Il mondo contadino durante il Rinascimento

Sui palcoscenici di Chiasso (venerdì alle 20.30) e di Locarno (sabato alle 20.30 e domenica alle 17.00) Natalino Balasso porta in scena «Amori disperati in tempo di guerra», pièce in cui rivisita l’opera del Ruzante, attore e drammaturgo del XVI secolo tra gli inventori della commedia e della farsa dai risvolti politici e sociali
L’attore, drammaturgo e scrittore veneto Natalino Balasso, 61 anni. (Foto di Tommaso LePera)
Red. Online
13.01.2022 21:42

Antonio Beolco detto il Ruzante: chi era costui?

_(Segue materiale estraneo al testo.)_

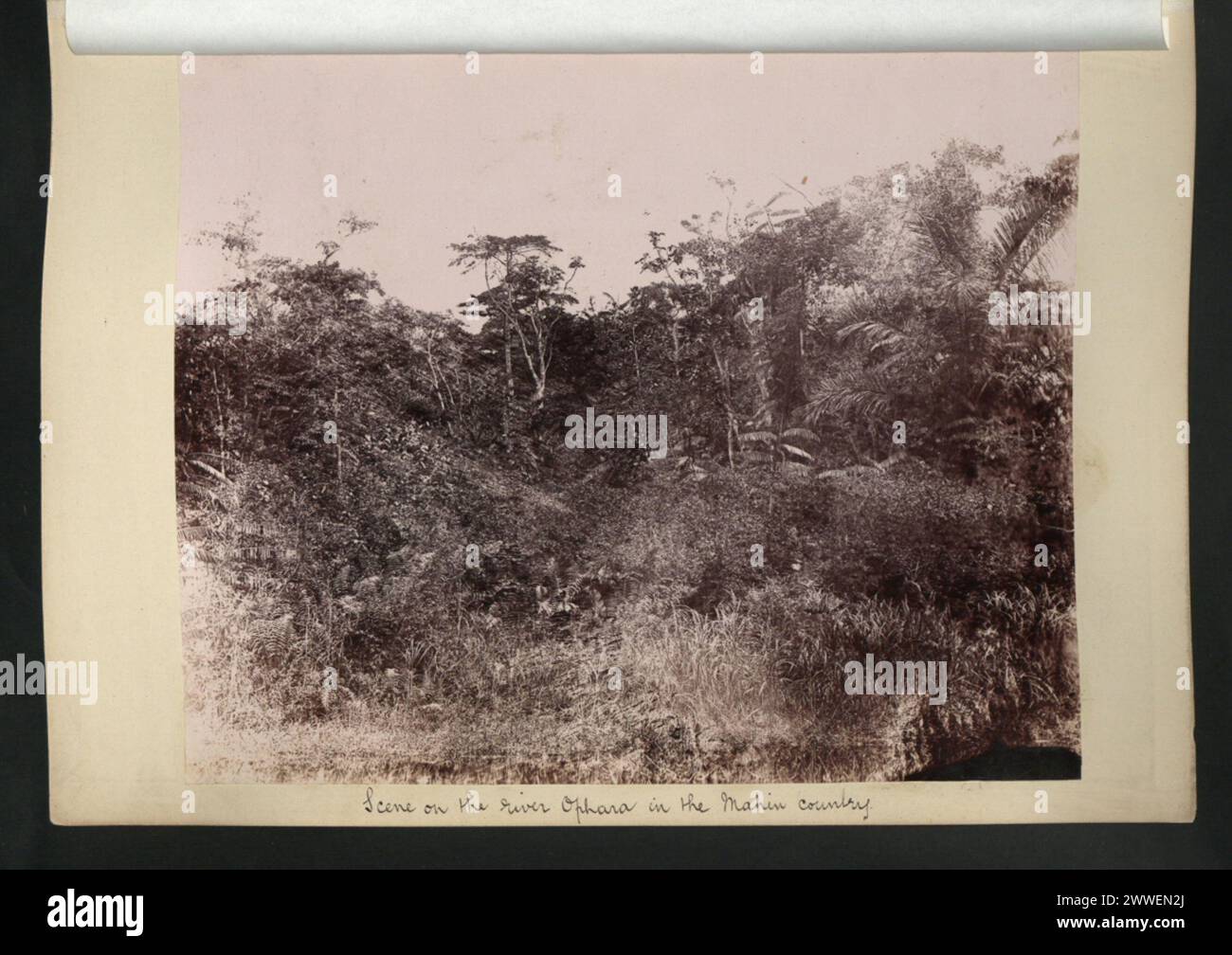 Scène représentant la rivière Ophana dans le pays Mahin, montrant les berges, le débit d'eau et le paysage environnant. Banque D'Images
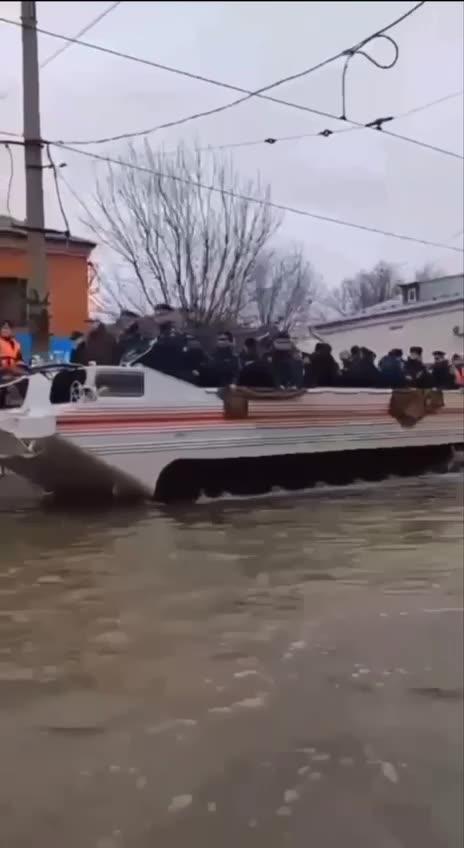 Flood in Orsk as an illustration of the structure of Russia. The city was flooded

Sebbene Dario Fo lo abbia ripetutamente definito la sua principale fonte di ispirazione nonché «il più grande autore di teatro che l’Europa abbia avuto nel Rinascimento» e gli storici abbiano da qualche tempo iniziato a rivalutarne la figura, per buona parte dell’universo teatrale è ancora oggi un perfetto Carneade. E questo a causa di un oblio nel quale la sua produzione è stata per secoli confinata per varie ragioni: perché proveniente da un periodo non tra i più noti della storia della drammaturgia – la prima parte del XVI secolo, dunque vari decenni prima dell’entrata in scena dei grandi padri del teatro europeo Molière e Shakespeare; perché si esprimeva in una lingua non proprio... universale (il pavano, antica e ormai scomparsa parlata dell’area padovana, spesso di difficile comprensione anche nel resto della Serenissima) ma soprattutto perché le sue opere erano in netto contrasto con le tendenze del suo tempo, dando voce non tanto alle disimpegnate «baruffe» dell’emergente borghesia – che anzi, il Ruzante descriveva sarcasticamente se non addirittura con una certa cattiveria – bensì alla componente più umile e meno considerata della società: i contadini, le loro problematiche e le loro difficoltà.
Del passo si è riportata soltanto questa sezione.